Why do you think they repaid ~$450M so many years ahead of schedule at a time when they were:
1) still burning cash
2) about to enter a period of increased spending knowing gen iii was on the horizon
It's not unreasonable to conclude that after some of the poor underwriting decisions came to light the DOE was under pressure to clean up the loan portfolio. Within that portfolio was tesla, busting covenants left and right, seeking amendments and waivers for their business building $80,000 cars while being unable to meet the conditions of the loan designed to protect taxpayers
Seems like someone at the DOE figured out tsla was headed south but could still raise enough outside capital to pay back the DOE loan.
The DOE loan program is back in business (Alcoa, $250M) as of this morning. Apparently they have $16B available. Keep in mind, this program lent money to fisher (bankrupt), VPG (bankrupt).

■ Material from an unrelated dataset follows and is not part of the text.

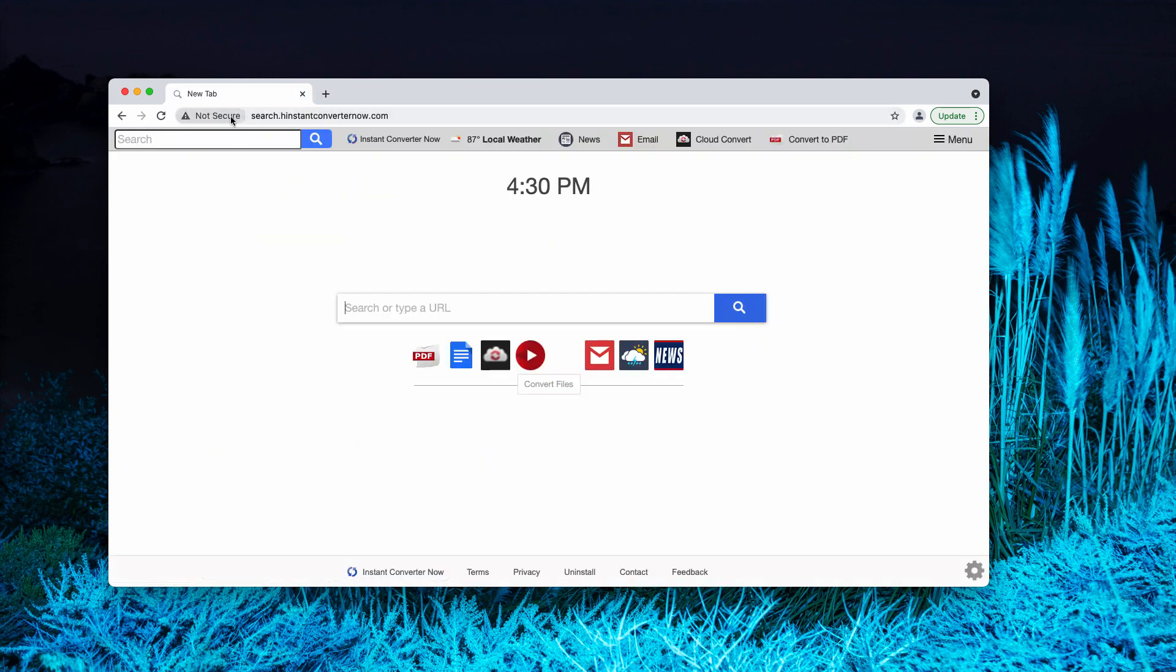Very often, Instant Converter Now browser hijacker is integrated with some free applications. People download and install it unintentionally and are quite surprised to notice such amendments into the way their Google Chrome operates.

It's sister program (under the same management) lent money to Solyndra.
Given Elon's desperation for cash and the DOE's willingness to lend money to poor credit risks, I would say there is a very good chance TSLA could get at least $2B from the program (Ford got $6B, Nissan got about $2B)
Hopefully someone in congress will keep an eye on the DOE and prevent them from making a 'loan' of taxpayer dollars to a company that has no cash flow.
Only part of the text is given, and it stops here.